What needs to be done
Would you reproduce the data below exactly, please, leaving out its images?

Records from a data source
━━━━━━━━━━━━━━━━━━━━━━━━━━━━━━

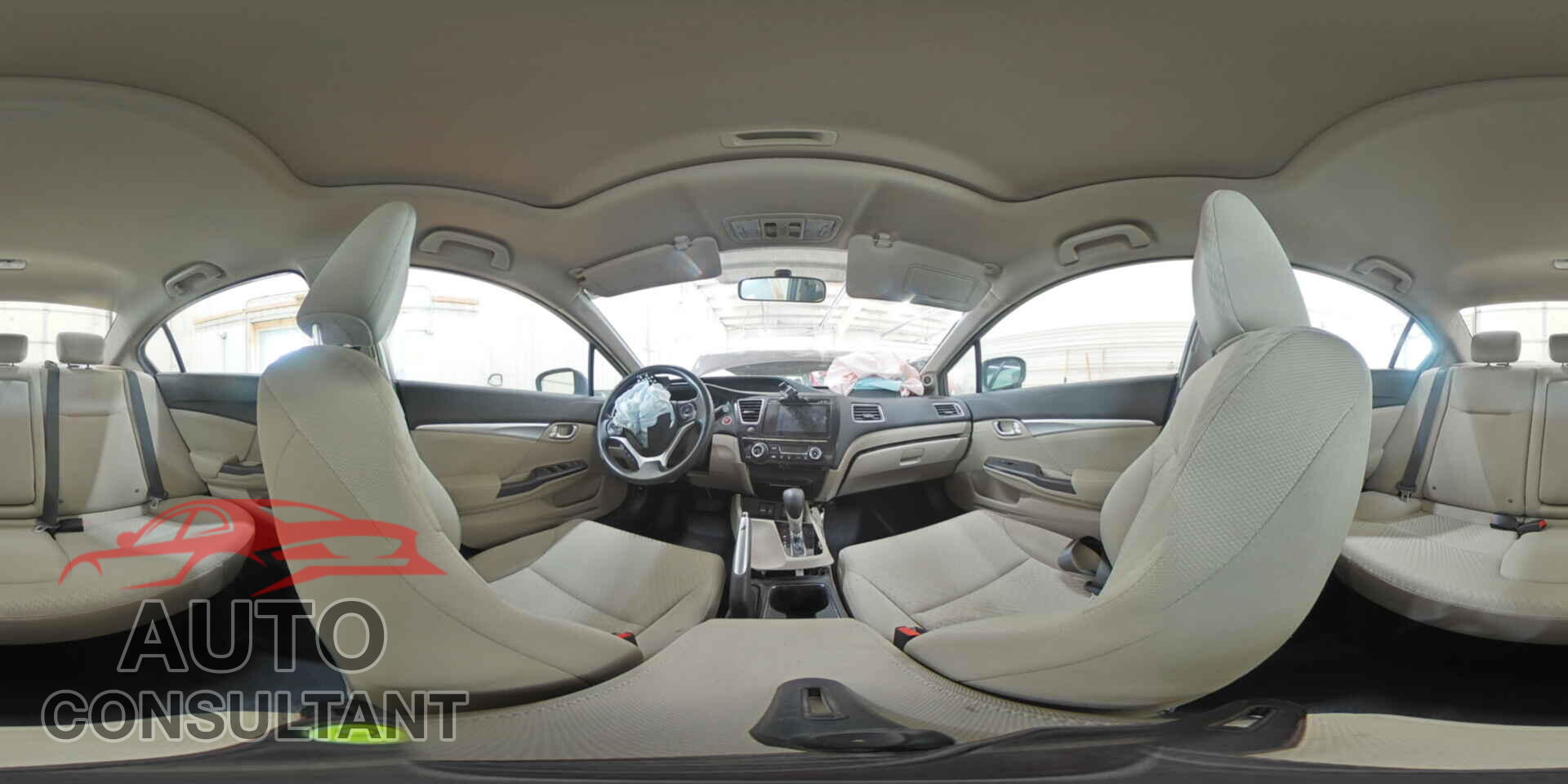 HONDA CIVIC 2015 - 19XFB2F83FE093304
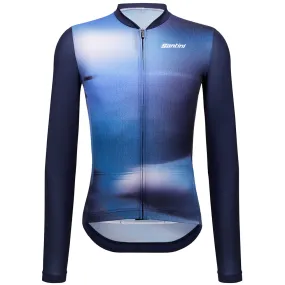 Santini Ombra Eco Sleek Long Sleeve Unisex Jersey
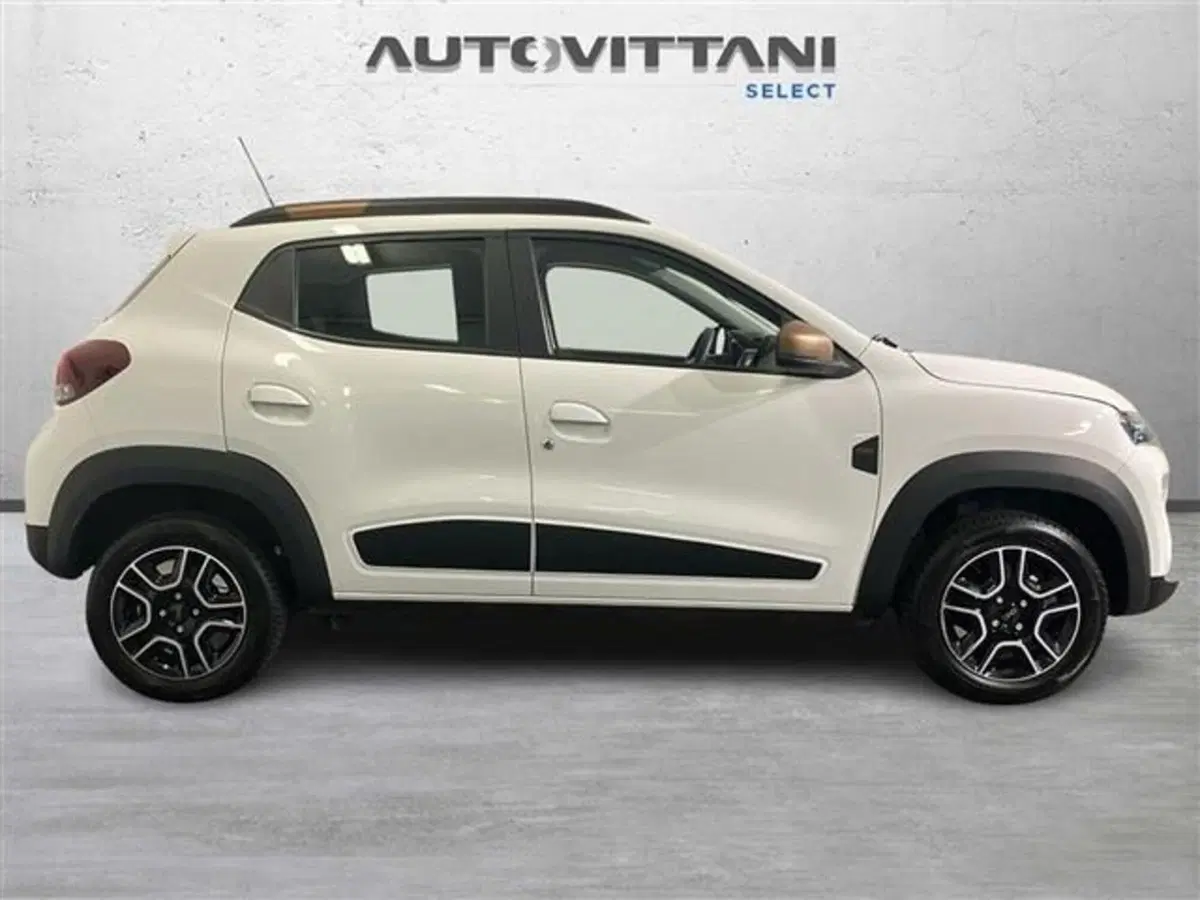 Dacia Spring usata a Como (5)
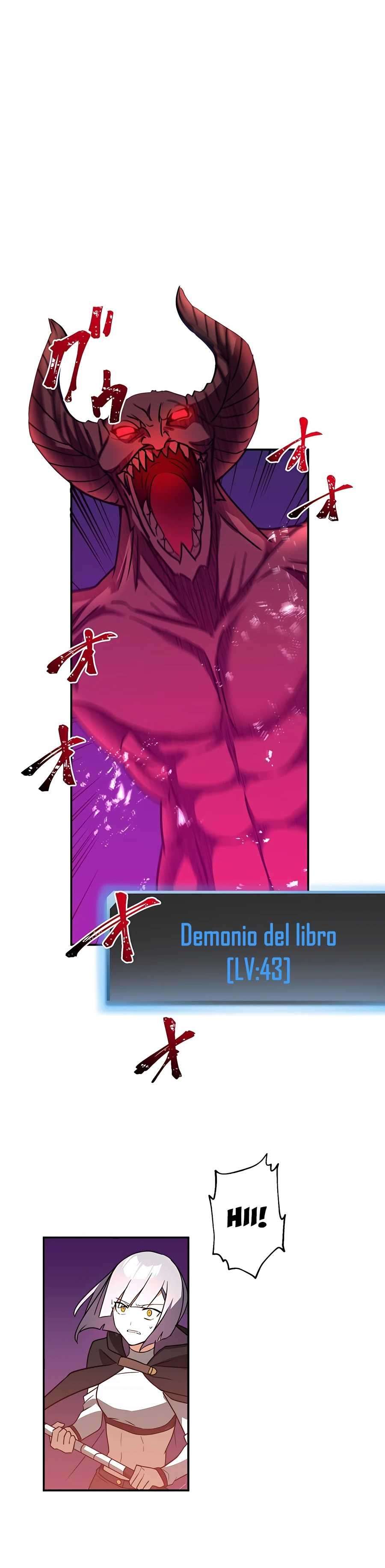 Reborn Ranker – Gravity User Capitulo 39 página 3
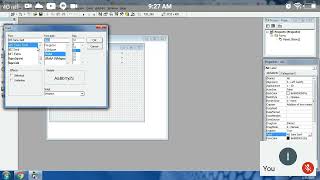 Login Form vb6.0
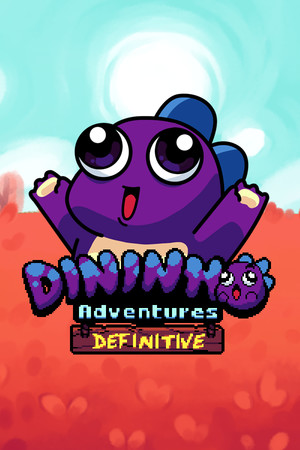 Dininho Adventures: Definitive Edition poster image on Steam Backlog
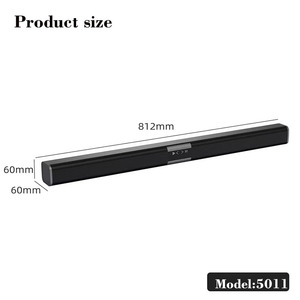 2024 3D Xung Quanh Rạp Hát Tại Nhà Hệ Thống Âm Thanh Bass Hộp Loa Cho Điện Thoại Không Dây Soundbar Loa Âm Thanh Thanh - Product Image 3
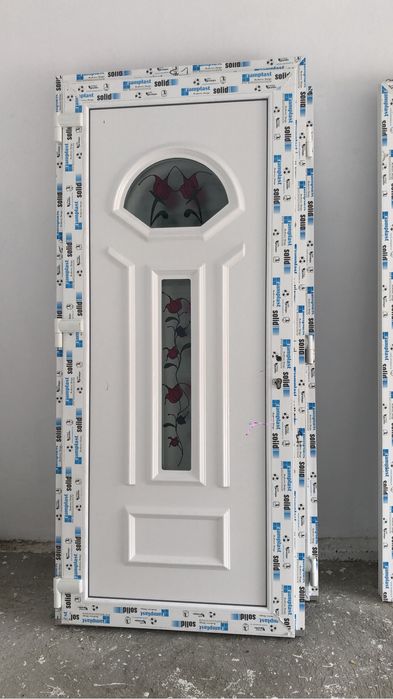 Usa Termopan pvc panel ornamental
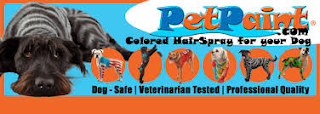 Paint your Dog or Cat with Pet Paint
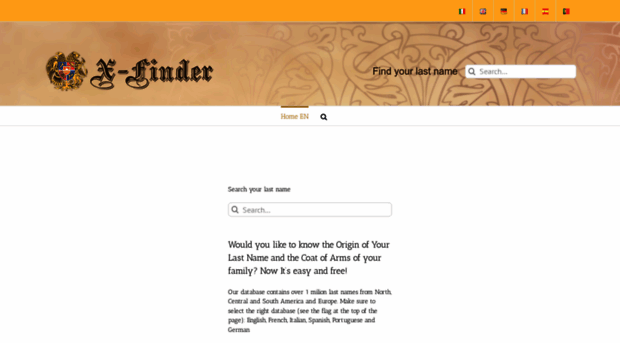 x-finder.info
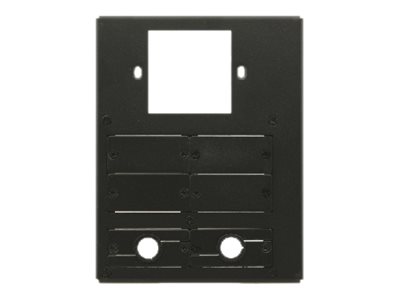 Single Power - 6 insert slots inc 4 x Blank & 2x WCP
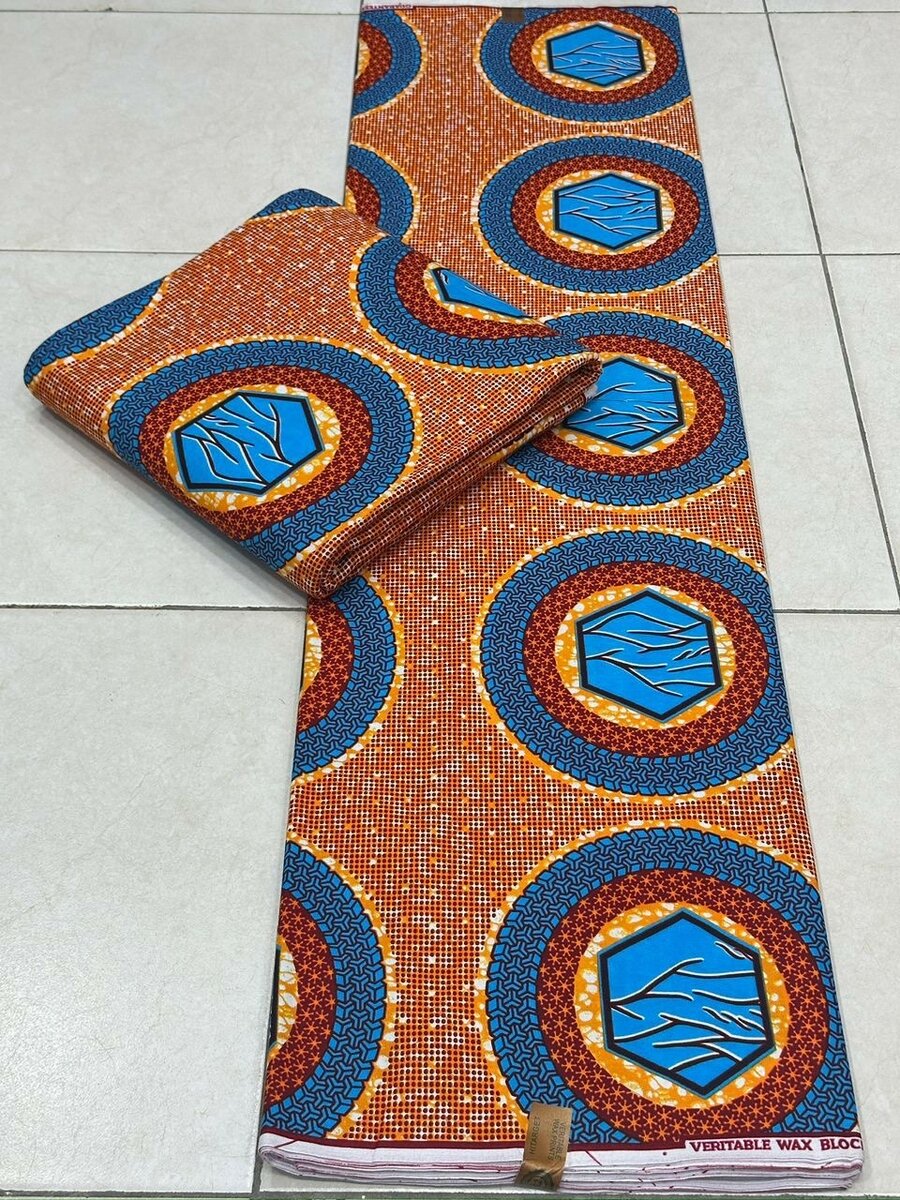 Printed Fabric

━━━━━━━━━━━━━━━━━━━━━━━━━━━━━━

Result of this task
 HONDA CIVIC 2015 - 19XFB2F83FE093304
 Santini Ombra Eco Sleek Long Sleeve Unisex Jersey
 Dacia Spring usata a Como (5)
 Reborn Ranker – Gravity User Capitulo 39 página 3
 Login Form vb6.0
 Dininho Adventures: Definitive Edition poster image on Steam Backlog
 2024 3D Xung Quanh Rạp Hát Tại Nhà Hệ Thống Âm Thanh Bass Hộp Loa Cho Điện Thoại Không Dây Soundbar Loa Âm Thanh Thanh - Product Image 3
 Usa Termopan pvc panel ornamental
 Paint your Dog or Cat with Pet Paint
 x-finder.info
 Single Power - 6 insert slots inc 4 x Blank & 2x WCP
 Printed Fabric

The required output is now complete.